* **Material for the task**
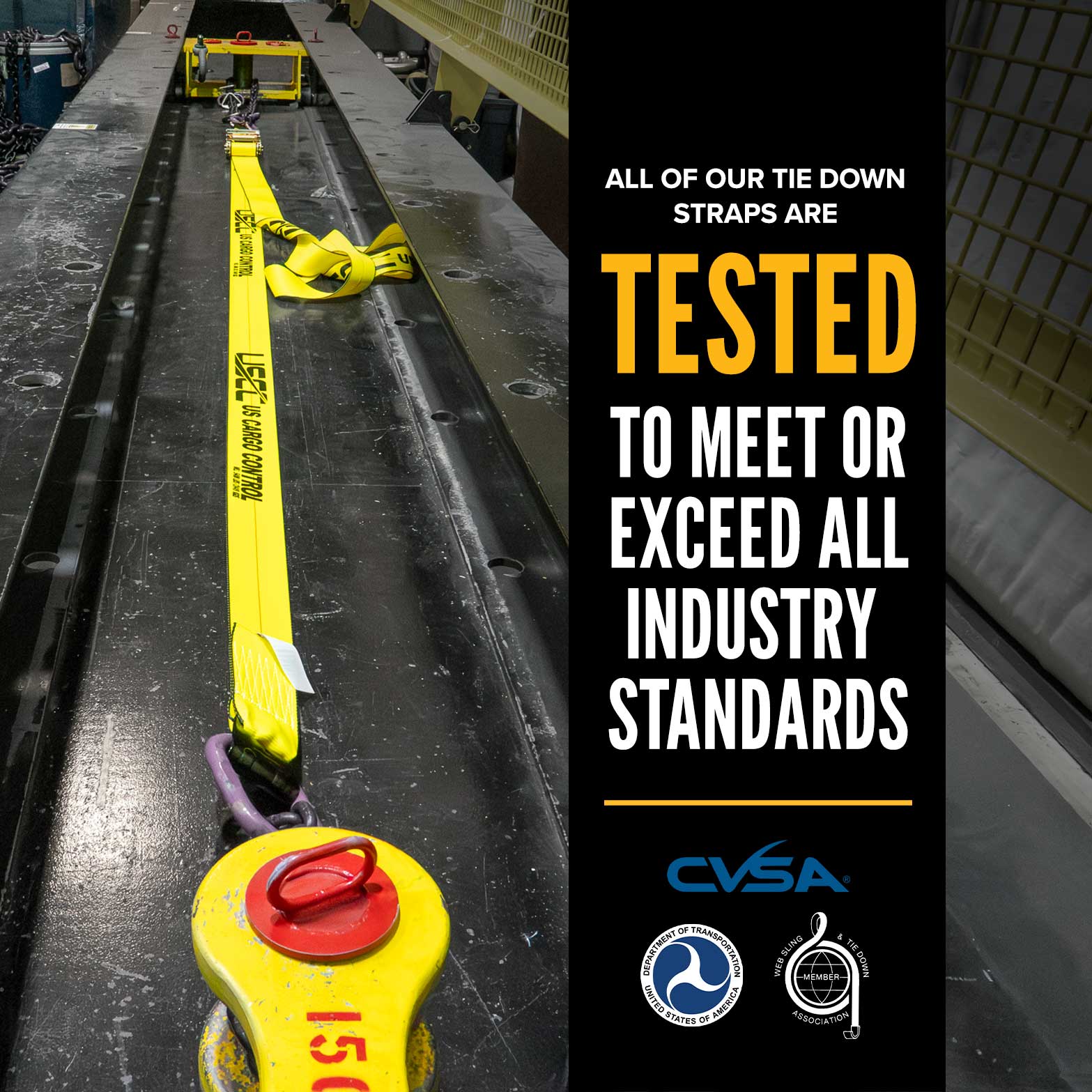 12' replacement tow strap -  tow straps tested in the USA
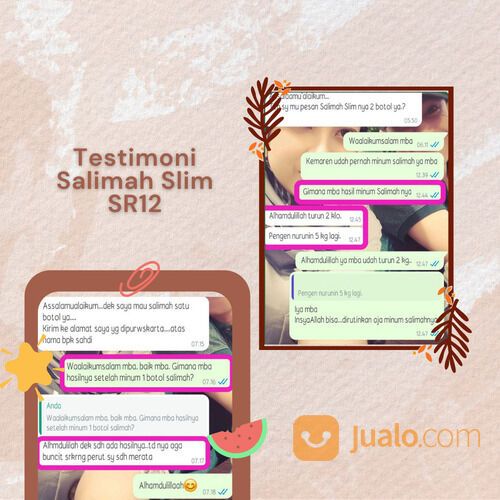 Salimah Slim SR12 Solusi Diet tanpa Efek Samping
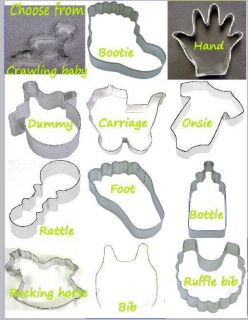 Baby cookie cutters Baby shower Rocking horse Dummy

---

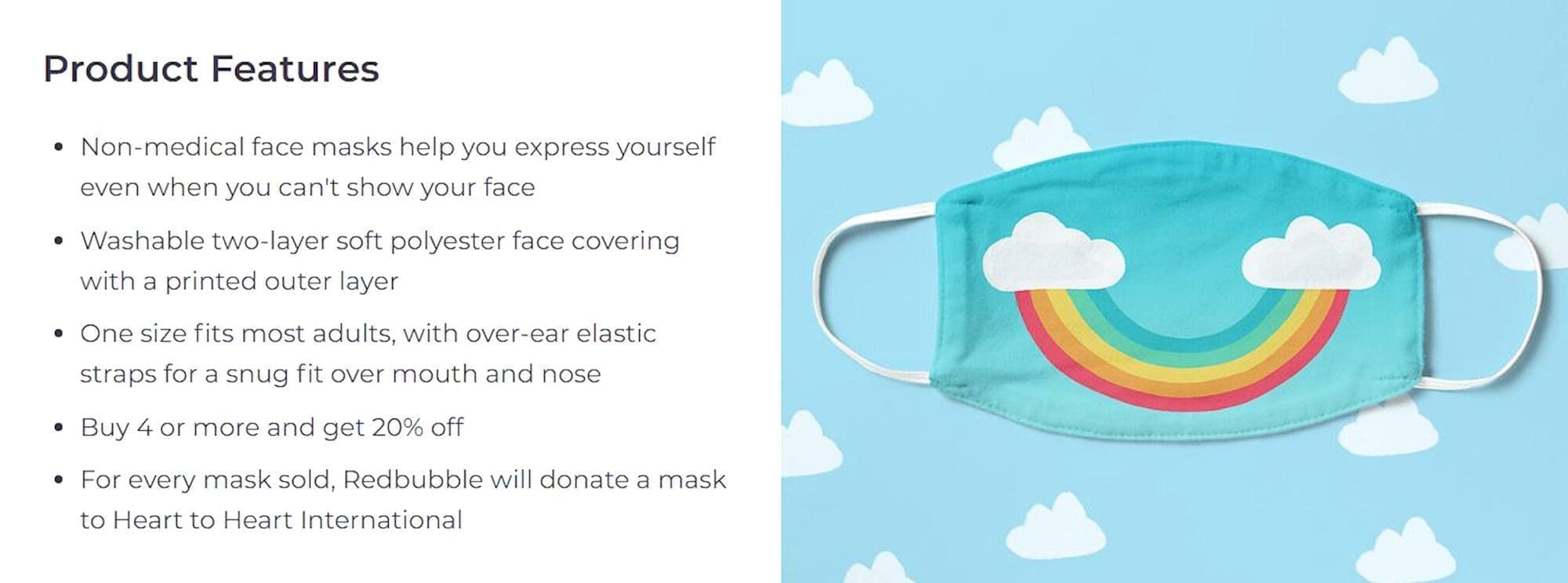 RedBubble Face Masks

* **Task to carry out**
Precisely those lines above that run from the line with "Salimah Slim SR12" up to and including the line with "Baby cookie cutters" are to be set down, with the pictures omitted.

* **Answer to the exercise**
 Salimah Slim SR12 Solusi Diet tanpa Efek Samping
 Baby cookie cutters Baby shower Rocking horse Dummy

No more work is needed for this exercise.